Ed Thomson, the Git program manager for Visual Studio Team System, did a great walkthrough of his open source project libgit2sharp - a set of C# language bindings for working with local and remote git repositories. If you’ve ever had to parse the output from the Windows git command line tools, you’ll know how painful it can be - but with libgit2sharp, you can use C# or Powershell to create automated build tools, manipulate your git repositories and do all sorts of cool stuff.

Jason Dryhurst-Smith gave us a demo of his CorrelatorSharp project - “your one-stop shop for context-aware logging and diagnostics” - a library that allows you to track the context of operations across multiple services and operations, including support for frameworks like NLog and RestSharp and a client-side JavaScript library.

Ben Abelshausen came along to show us Itinero, an open-source route planning library for .NET which you can use within your own applications to calculate routes and analyse map data.
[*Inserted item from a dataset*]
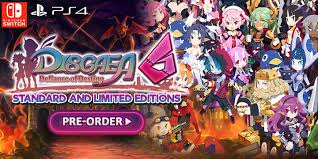 Shadowkeep is priced at $34.99 and can be. Disgaea 6 Defiance Of Destiny Confirmed For Ps4 Switch In Japan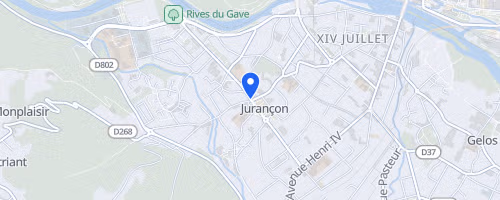 Courir à Jurançon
Finally, we had Matt Ellis from Jetbrains giving us ’Ten Jetbrains Rider Debugging Tips in Ten Minutes’ - including some really neat stuff like cross-platform support for DebuggerDisplay attributes and the ability to define interdependent breakpoints in your code.

Huge thanks to all our speakers and to everyone who came along - it’s great to see so much enthusiasm and activity going in with .NET open source, and with .NET Core 2.0 going fully cross-platform and tools like Rider and Visual Studio Code, it’s only going to get more interesting.


See you all at the next one!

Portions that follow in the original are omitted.